One of the most confusing things about statistical analysis is the different vocabulary used for the same, or nearly-but-not-quite-the-same, concepts.
Sometimes this happens just because the same analysis was developed separately within different fields and named twice.
So people in different fields use different terms for the same statistical concept. Try to collaborate with a colleague in a different field and you may find yourself awed by the crazy statistics they’re insisting on.
Other times, there is a level of detail that is implied by one term that isn’t true of the wider, more generic term. This level of detail is often about how the role of variables or effects affects the interpretation of output.
Predictor vs. Independent Variable
One simple example of this is the difference between an independent variable and a predictor variable. Predictor Variable is a more generic term. It can refer to any X variable in a statistical model.

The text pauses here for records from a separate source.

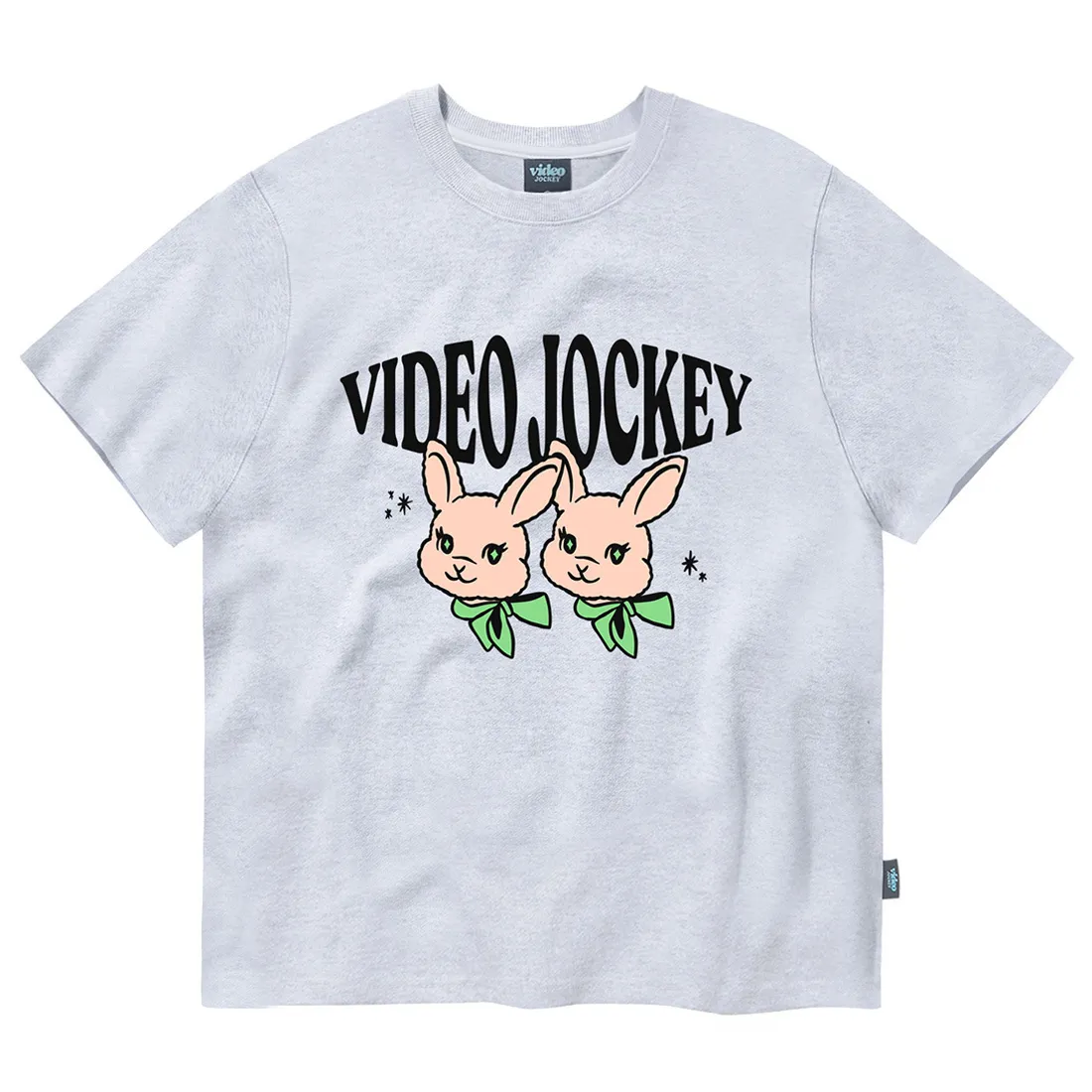 VIDEO JOCKEY  |Unisex Street Style T-Shirts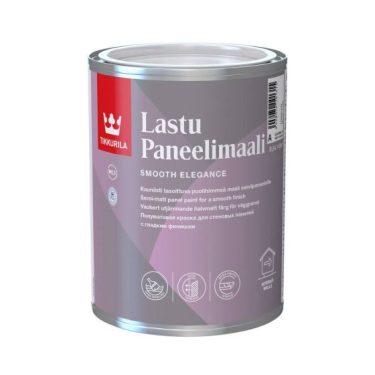 LASTU PANEELIMALI 0,9L A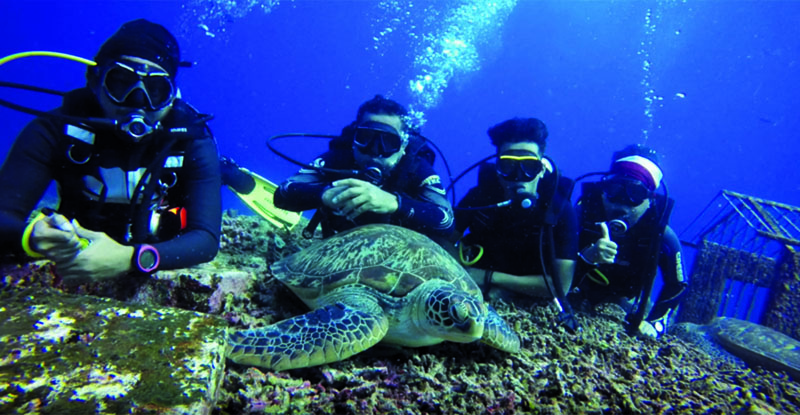 Selam tidak harus menguras kantong.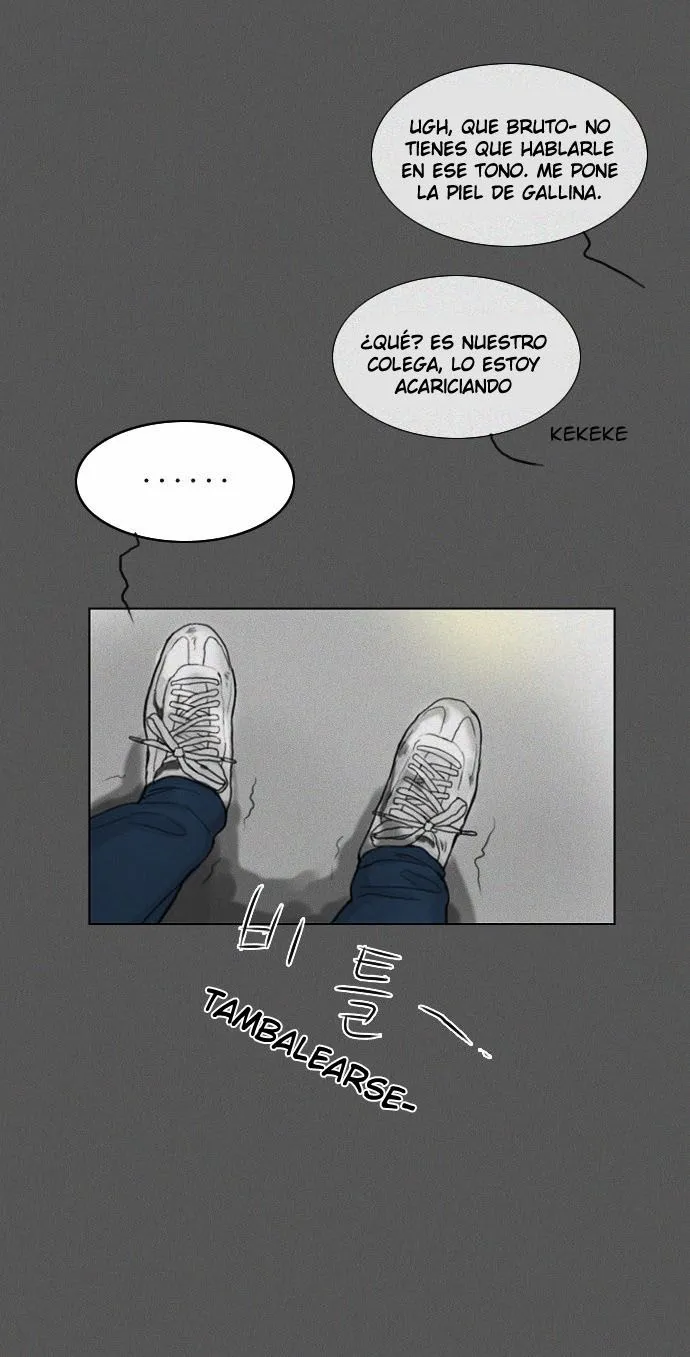 Ghost wife Capítulo 25 en Línea - página 15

A predictor can predict the outcome Y or explain some of its variance, but there are no other implications about how it relates to Y or other predictors.
There are many subtypes of predictor variables. These distinct types imply something about their relationships to the other variables and about how you should interpret their effects.

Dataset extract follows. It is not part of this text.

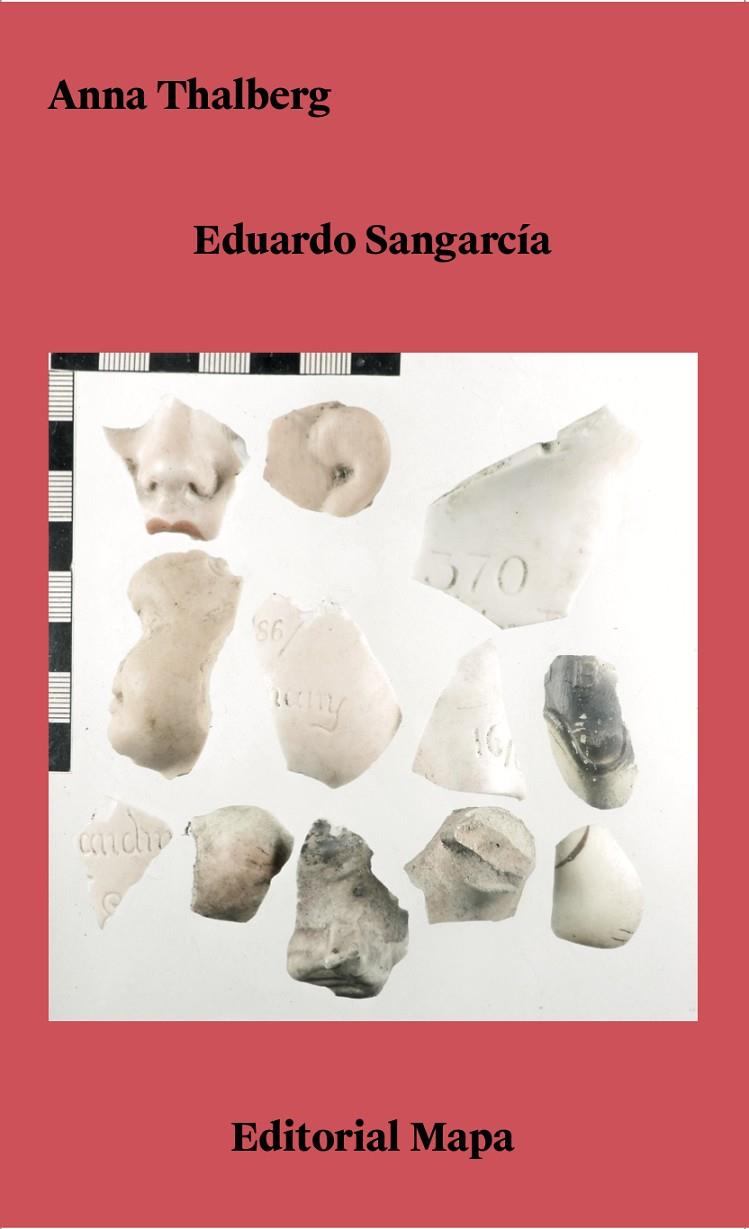 Anna Thalberg | 9788412678239 | Sangarcía, Eduardo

Mathematically, there is absolutely no difference in how they are entered into the model or in how your software calculates their effects. The difference is entirely in interpretation.
Let’s use Independent Variable as an example. Calling a predictor an Independent Variable (IV) has a few implications. The true tricky part is these implications can also differ by field, so you need to be careful when someone uses this term.
Independent Variable can imply any or all of the following:
- The Independent Variable has a causal effect on the Dependent Variable, Y.
- The IV is categorical and experimentally manipulated.
- The Independent Variable is the primary predictor of interest. The other variables in the model are there so we can control for their effects, but the IV is the one we’re mostly interested in.
And, of course, some people are so used to using the term Independent Variable that they use it for any predictor.
Moderation vs. Interaction
Another example is moderation. I’ve had conversations with seasoned researchers who were shocked to discover that moderation is simply an interaction effect.
But again, interaction is a little more generic than moderation. Moderation distinguishes between the roles of the two variables involved in the interaction.
So, for example, when we say X and Z interact in their effects on an outcome variable Y, there is no real distinction between the role of X and the role of Z. They are both considered predictor variables.
The interaction tells us that the effect of X on Y is different at different values of Z.
It also tells us that the effect of Z on Y is different at different values of X.
You can interpret it either way. In some studies, it makes more logical sense to interpret in one direction, but it’s just a matter of preference.
When we talk about moderation, though, there is a specific role to X and Z. One is assigned as the Independent Variable and the other as the Moderator.
The Independent Variable is an independent variable based on the third implication listed above: its effect is of primary interest.
The Moderator, Z, is the predictor that changes the effect of the Independent Variable, X, on Y. So the idea is that we’re not really interested in whether Z predicts Y on its own. We’re really interested in how it changes the primary effect of X on Y.
Mathematically, there is no difference between X and Z. They are both entered into statistical software in the same way.
But in the concept of moderation, there is a clear distinction between the effects of the Independent Variable and that of the Moderator.
In other words, the concepts distinguish how the effects of each predictor are interpreted.